▶ **What you need to do**: Reproduce exactly, and only, the lines of the material below running from the line bearing "Cogwheel Board Large-Additional" through the line bearing "La crise catalane, nouveau". Leave any pictures out.

▶ **Entries provided**:
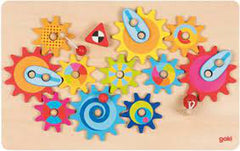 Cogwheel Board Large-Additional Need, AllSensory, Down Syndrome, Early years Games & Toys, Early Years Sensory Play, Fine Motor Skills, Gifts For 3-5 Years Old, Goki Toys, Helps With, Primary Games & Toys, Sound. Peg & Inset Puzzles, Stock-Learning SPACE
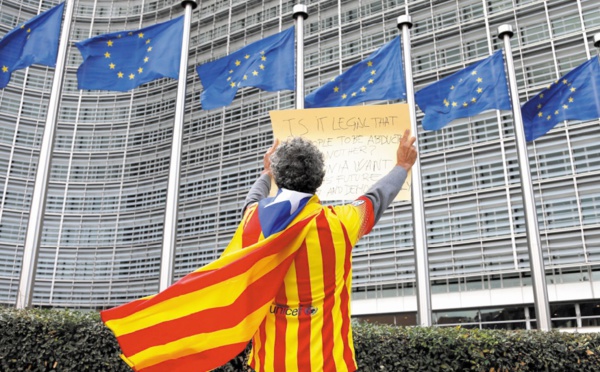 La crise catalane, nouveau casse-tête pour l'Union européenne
* * *
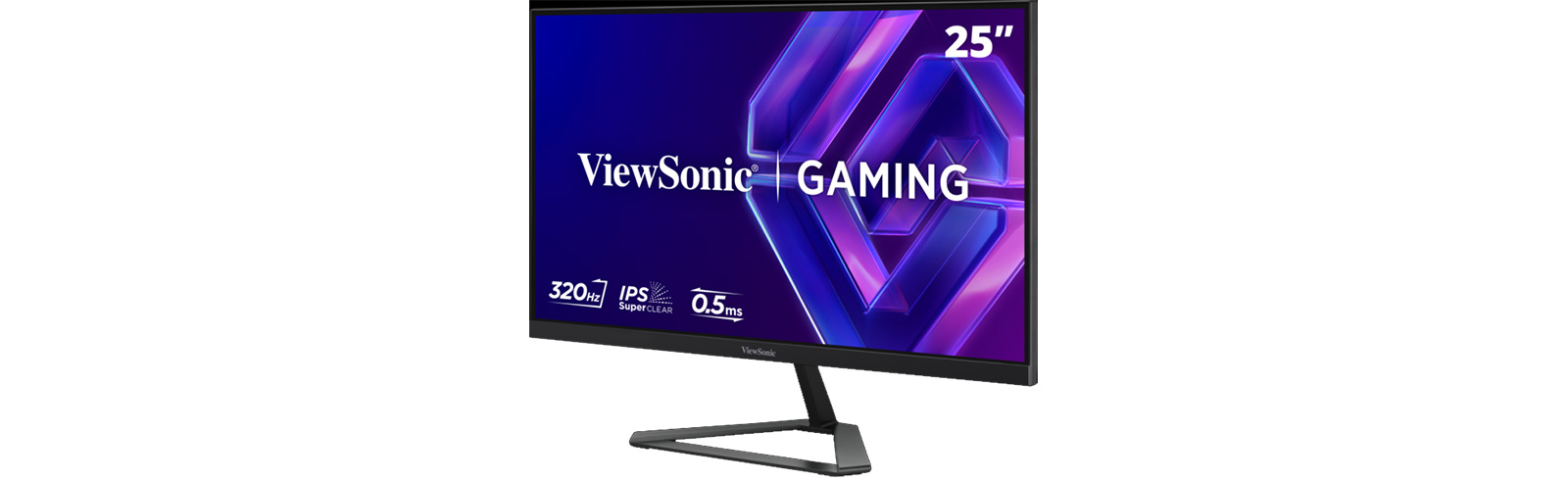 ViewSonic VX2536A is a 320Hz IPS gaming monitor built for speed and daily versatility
--
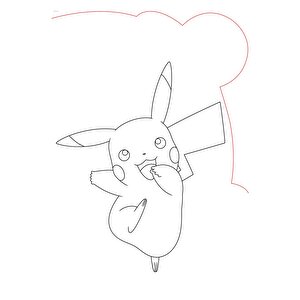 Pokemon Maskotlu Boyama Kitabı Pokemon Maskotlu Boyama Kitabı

▶ **Exercise response**:
 Cogwheel Board Large-Additional Need, AllSensory, Down Syndrome, Early years Games & Toys, Early Years Sensory Play, Fine Motor Skills, Gifts For 3-5 Years Old, Goki Toys, Helps With, Primary Games & Toys, Sound. Peg & Inset Puzzles, Stock-Learning SPACE
 La crise catalane, nouveau casse-tête pour l'Union européenne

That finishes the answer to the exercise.